AlgoMaster Logo

Cache Invalidation

Last Updated: January 9, 2026

Ashish

Ashish Pratap Singh

"There are only two hard things in Computer Science: cache invalidation and naming things."

This quote from Phil Karlton has become a cliche, but it endures because it captures a real truth. Cache invalidation is genuinely difficult, and most developers underestimate it until they have been burned.

The moment you introduce a cache, you create two sources of truth for the same data: the database and the cache. Keeping them in sync is the cache invalidation problem.

Get it wrong, and users see stale data, experience inconsistencies, or worse, make decisions based on outdated information.
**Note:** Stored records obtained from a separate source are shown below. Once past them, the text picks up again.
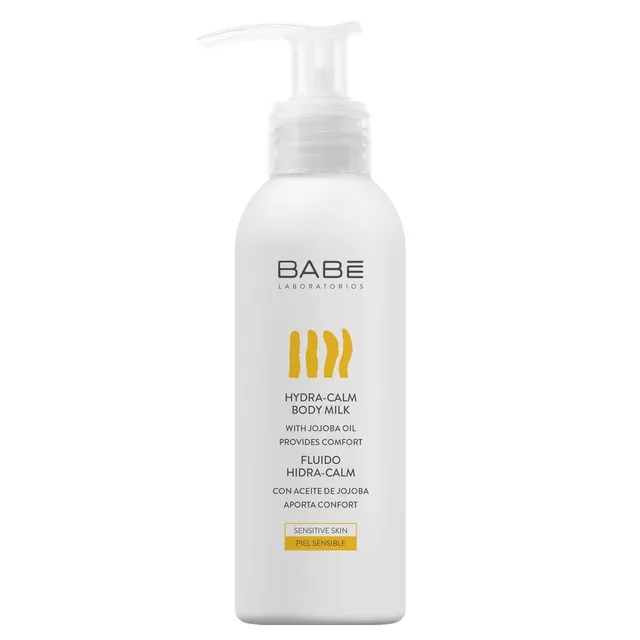 BABE Hydra-Calm Body Milk 100ml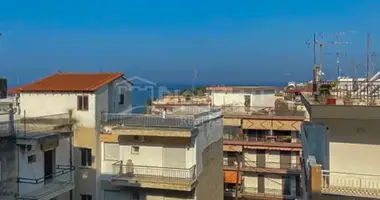 Wohnung 1 Schlafzimmer in Nea Kallikrateia, Griechenland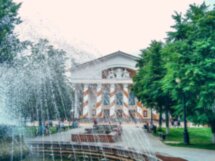 Неформально-обзорная экскурсия по Калуге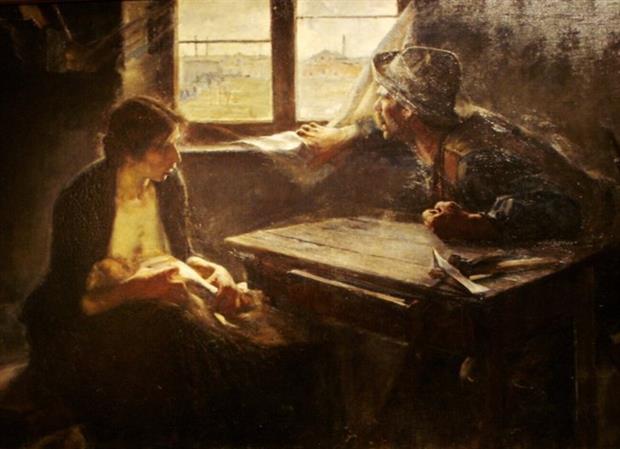 Pintura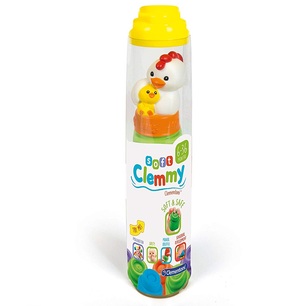 clemmy plus - sweet animals tubes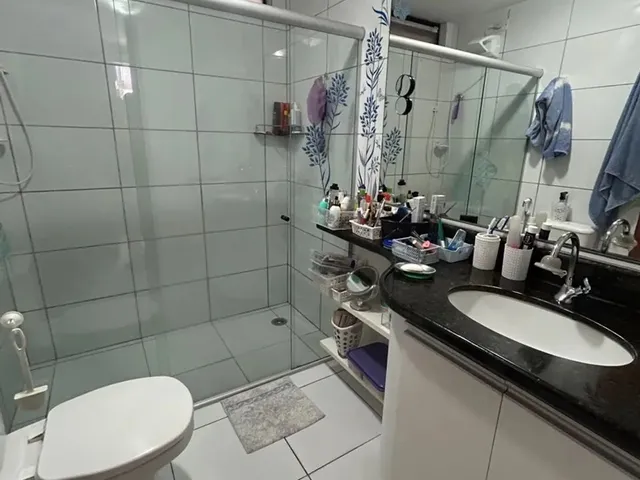 Imagem 3: Excelente!! Amplo Apto com 4 Quartos S/2 Suítes +Dce!! Apenas 1.150.000,00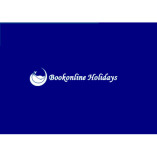 Book Online Holidays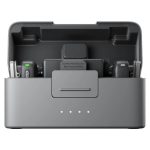 Беспроводной микрофон DJI Mic Mini (2 TX + 1 RX + Charging Case)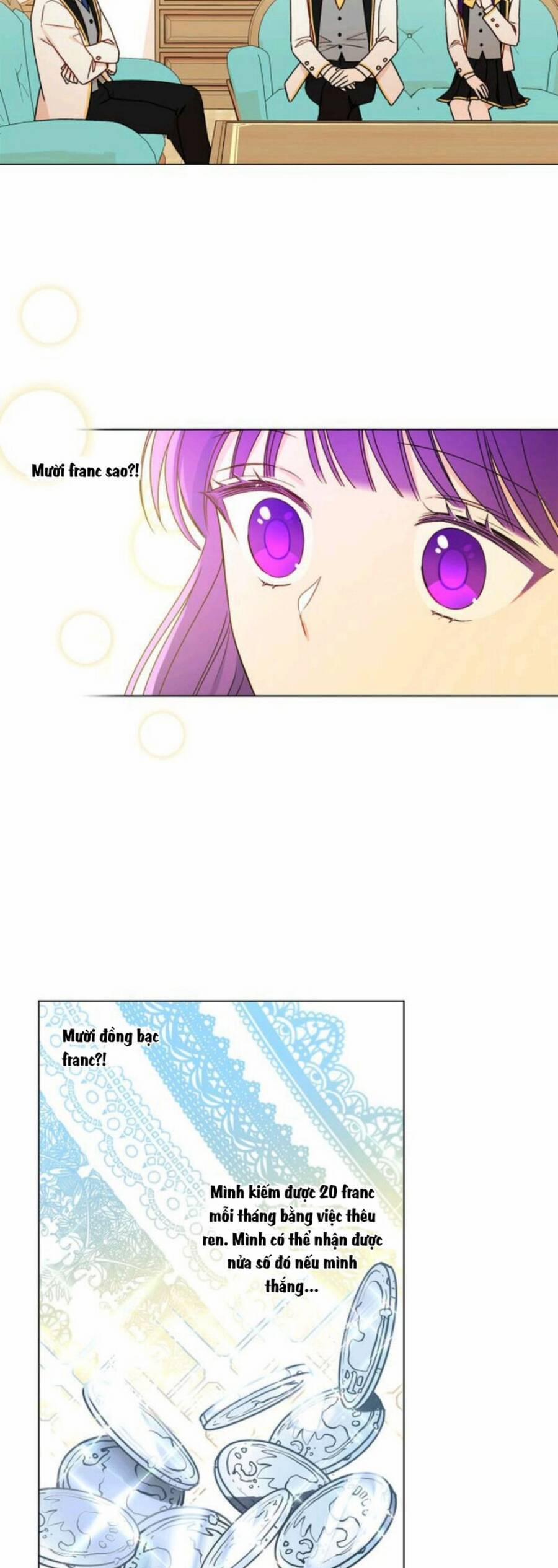 Nhật Ký Quan Sát Elena Evoy 28 trang 4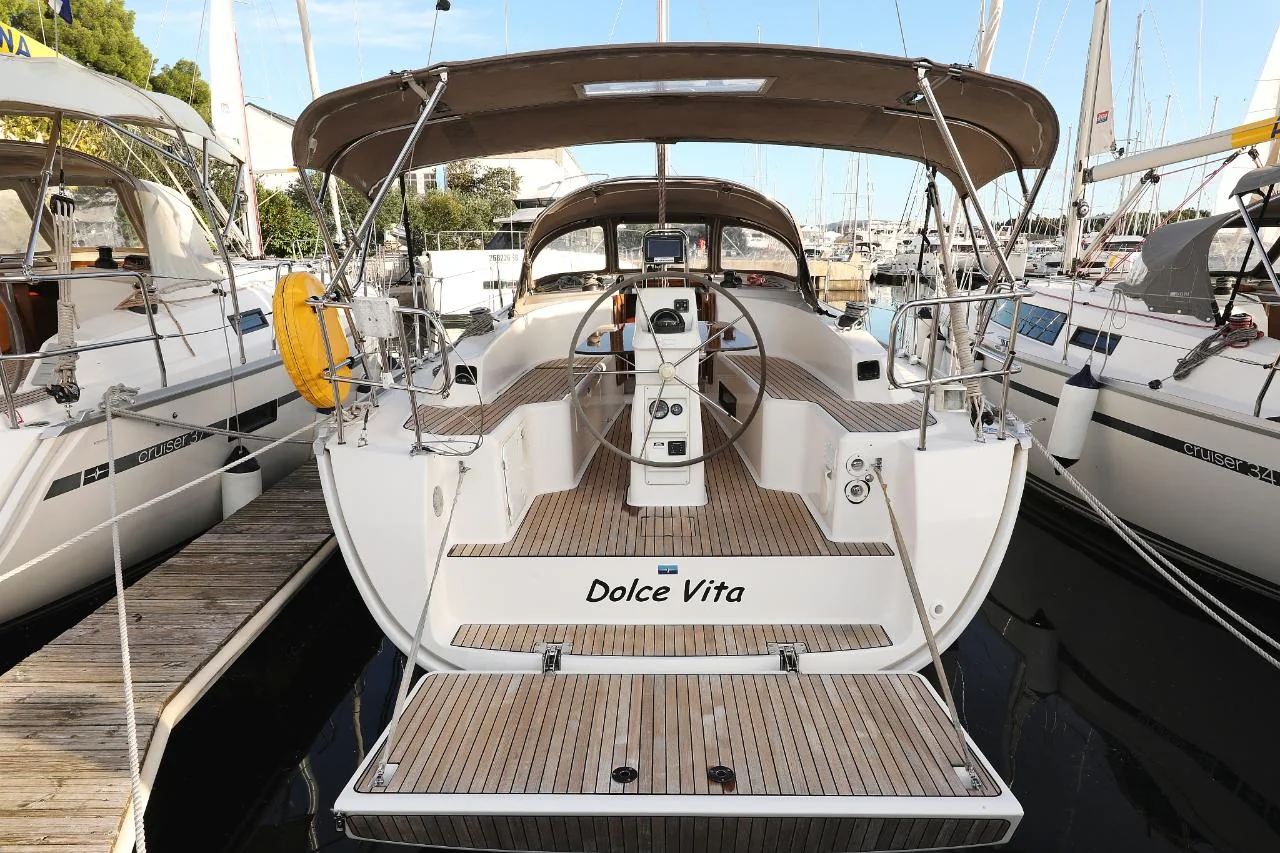 Dolce Vita - Gallery 2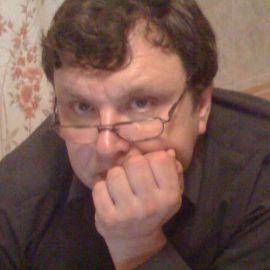 Сергей Семенов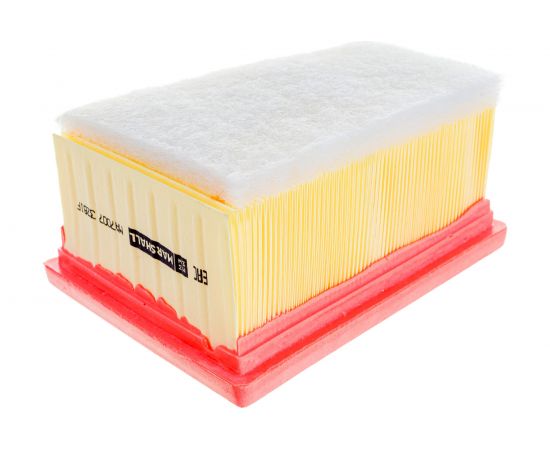 Фильтр воздушный Lada Largus 12-, Nissan Almera (G15) 12-, Renault Duster I 10- / Logan 05- MARSHALL MA7007 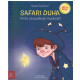 Safari duha   - priče za buđenje mudrosti   +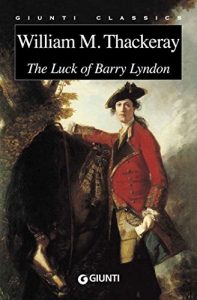 Baixar The Luck of Barry Lyndon (Giunti classics) (English Edition) pdf, epub, ebook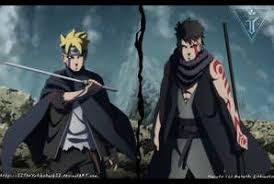 We hope you enjoy our growing collection of hd images to use as a background or home screen for your. Boruto Next Generation The End Of Shinobis By Iitheyahikodarkii Anime Naruto Animes Boruto Papel De Parede Naruto
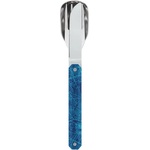 AKINOD Комплект за хранене Akinod Straight Cutlery 12H34, Downtown Blue (A01M00012)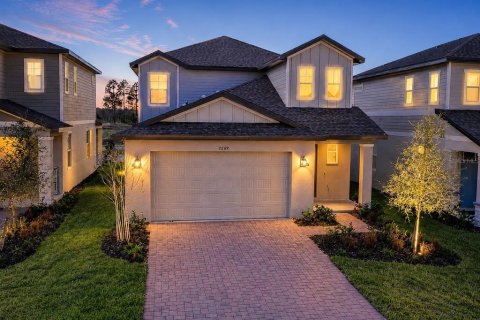 Casa en alquiler en Clermont, Florida, 4 dormitorios, 206.8 m2 № 2157817 - foto 12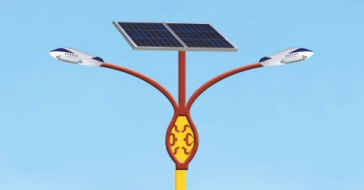 解析：如何正確的購買led太陽能路燈？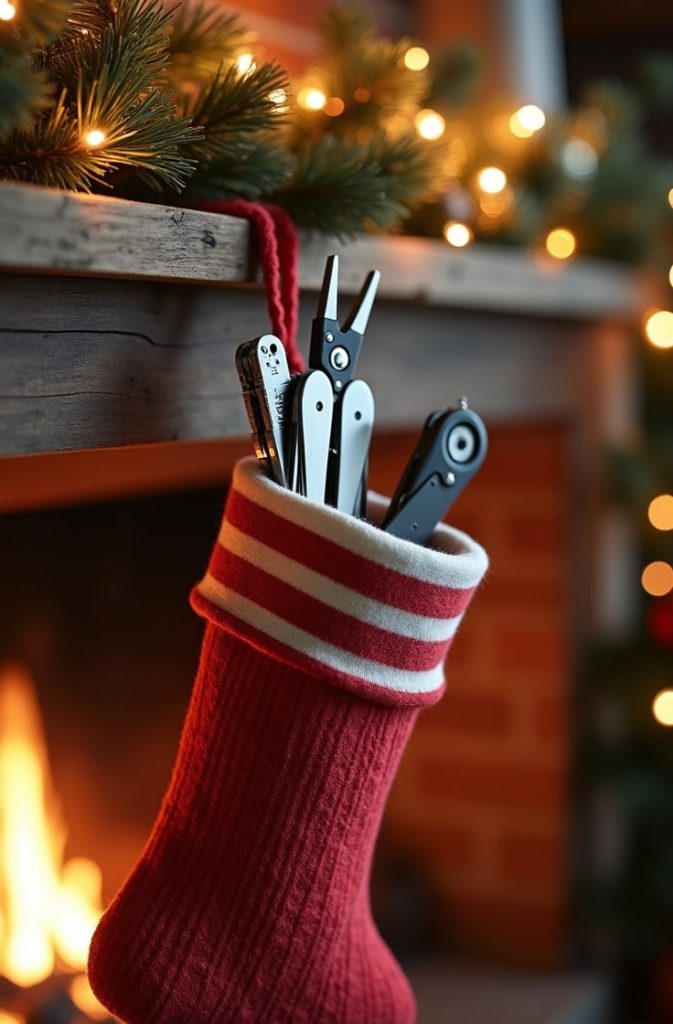 Keychain Multi-Tool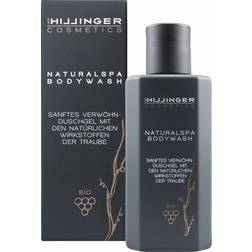 Hillinger Cosmetics Naturalspa Bodywash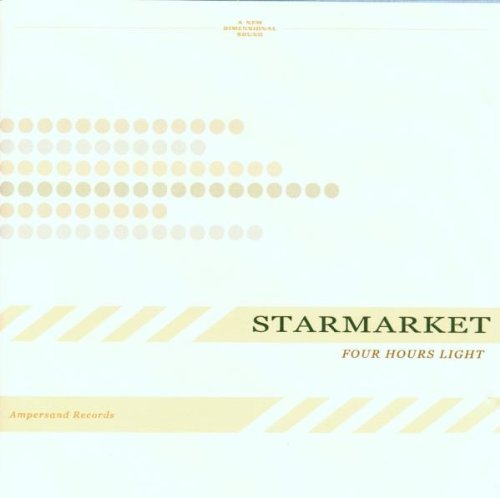 Starmarket - Four Hours Light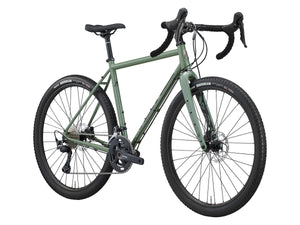 2024 Kona Rove LTD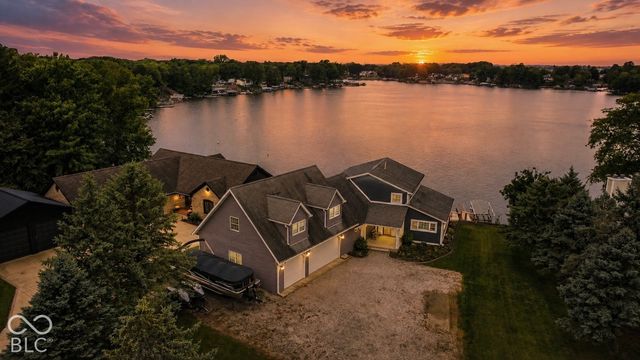 1220 Shoreline Drive, Cicero, IN 46034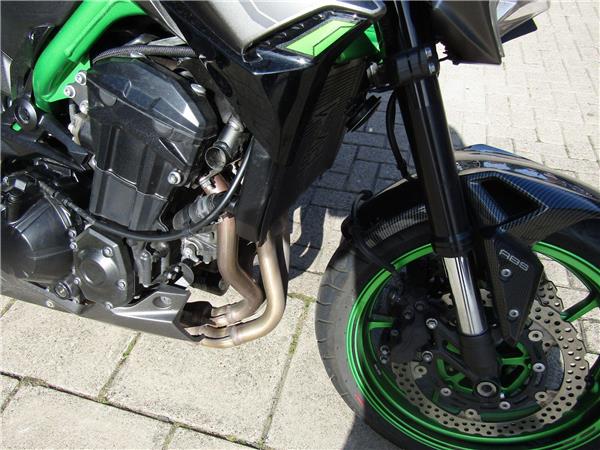 2023 Kawasaki Z900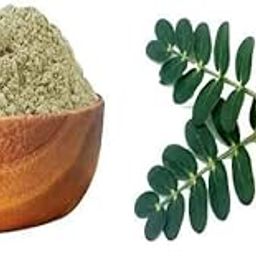 Zone Marketing Organic Nernjil Powder/நெருஞ்சில் பவுடர் -80gm-image-12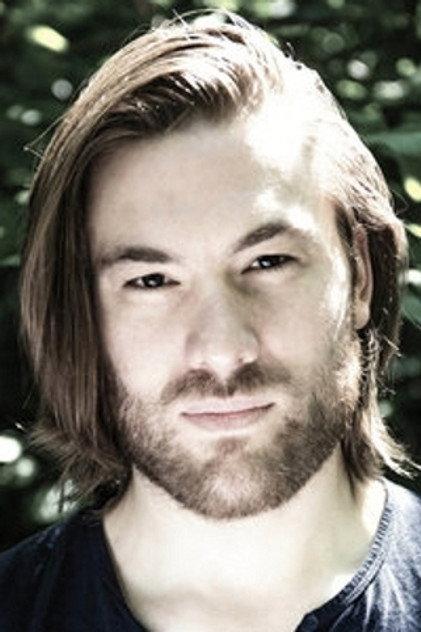 Will Hudson - Actor Profile Photo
In this chapter, we will explore:

  • What is cache invalidation?
  • Why is it so hard?
  • Invalidation strategies
  • Race conditions and how to prevent them
  • Cache stampede and mitigation techniques
  • Invalidation in distributed systems
  • Best practices for production systems

What is Cache Invalidation?

Cache invalidation is the process of removing or updating cached data when the underlying source data changes. The goal is to ensure that applications never serve stale data beyond an acceptable threshold.

When data is updated in the database, the cached copy becomes stale. Without proper invalidation, the application continues serving the old value. The challenge is detecting when data has changed and ensuring the cache reflects those changes promptly.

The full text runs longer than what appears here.